Sen. Orrin Hatch, R-Utah, who sits on the education committee, said he is open to hearing feedback.

"I've spent considerable time this summer with some of our tribal communities discussing their concerns," he said in a statement, "and I look forward to continuing to advocate for them in Washington."

'Part of something' • In some Utah school districts, the only American Indian educators are those who work for the Title VI program. Utah has 41 native students for every native educator, compared with 15 white students for every white educator.

Quintana, in the Nebo district, is one of the few Title VI coordinators in Utah who works full time, thanks in part to native parents who lobbied the district to provide additional local funding.

As the program expanded, graduation rates rose and after-school activities for native students became commonplace.

Dalynn Fregoso, a parent of five native students who attended school in the district, said her family moved to South Dakota when her kids were young. The school there had no specialized support for native students, and the family decided to return to Utah.

"You feel like a bigger part of something here," Fregoso said. "This feels like an extension of the family."

It's that feeling that drives people like Jennifer Leo, Title VI coordinator for the Murray School District, who said she has received almost no support from her district.

Murray's Title VI program secured $17,582 in federal funding last year to support 97 certified students and pay for the salaries of five part-time staffers: Leo, an assistant coordinator, a Navajo language instructor and elementary and high school mentors.
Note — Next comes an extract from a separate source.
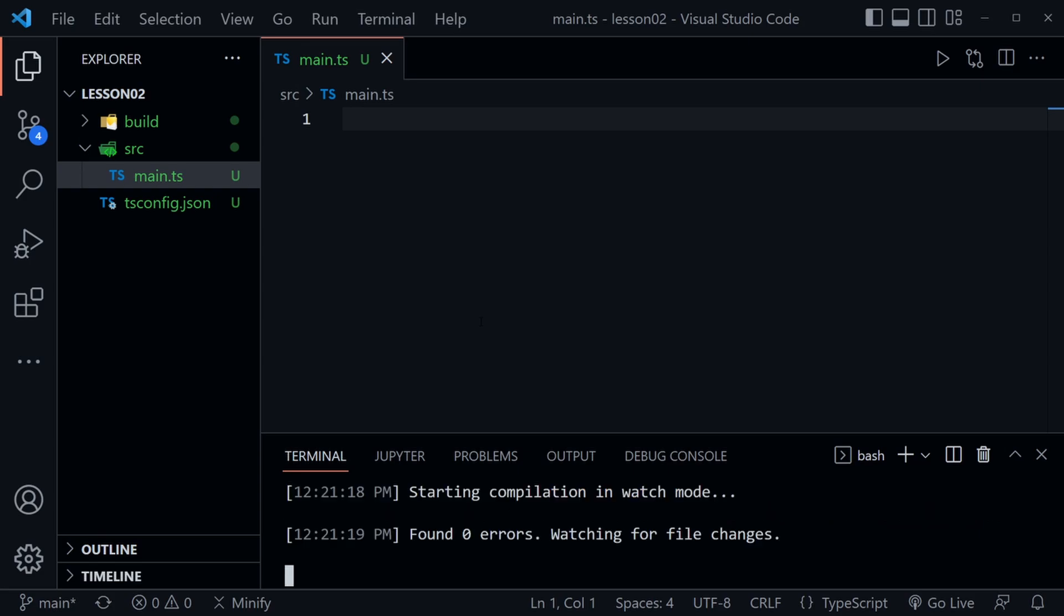So I'll press enter here and we set all of that up in lesson one in our TS config.json file. So if you haven't watched that of course go back to lesson one and you will learn how to set all of that up.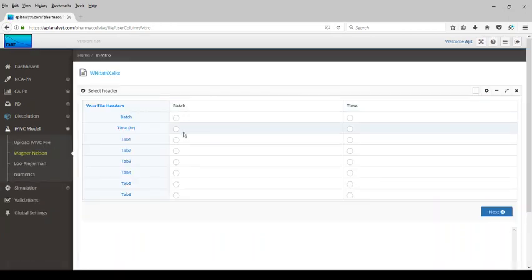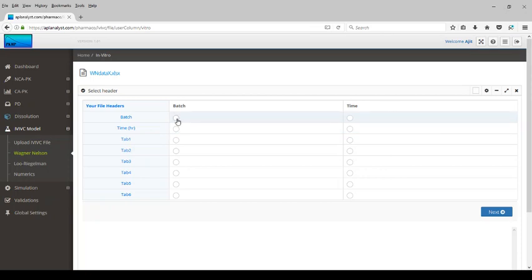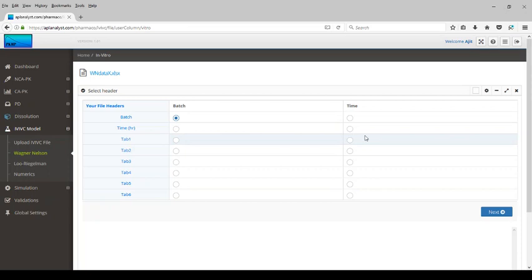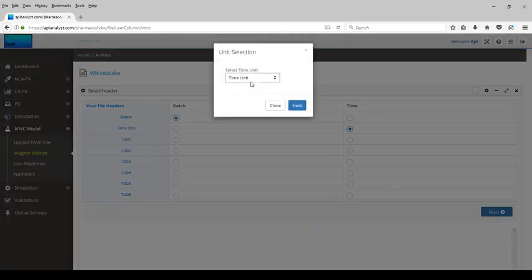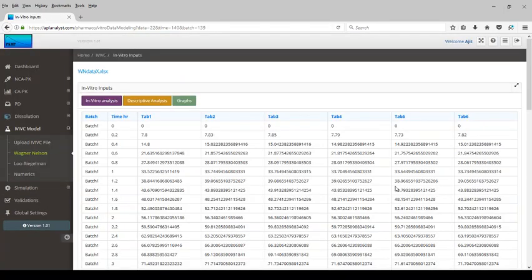Next, we perform the in vitro data analysis for the dissolution data. We select batch as the batch variable. These are the file headers mapped to the program-required variables. Click the next button and select the time unit — in this case, hours. The dissolution data is now displayed.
Another 86 self-identified native students were enrolled last year.

Leo said when she started seven years ago, the district's American Indian graduation rate was 40 percent; in 2014, 100 percent of American Indian students graduated.

Earlier this year, she wrote to supervisors with the hope of securing a full-time position. She said she never received a response; her supervisor didn't recall her asking for additional funding but confirmed that the school board has not supplied funds for the Title VI program.

"We get the impression they're not interested," said Leo, who has a second job teaching at Salt Lake Community College.

She hopes she will someday get additional support. "It's not a job, we don't look at it that way," she said. "It's a program, and we all believe in it."

Nebo's Title VI program was a way for Nicol, the student rejected for enrollment in the Ute Tribe, to begin feeling connected to her heritage again.

When she was a freshman in college, she returned to the program to tutor other young native students.

"Going back kind of helped me realize, I've been doing this since I was young, why should I change how I view myself now?" she said. "If you are Native American, you are 100 percent Native American. Not just a part of you."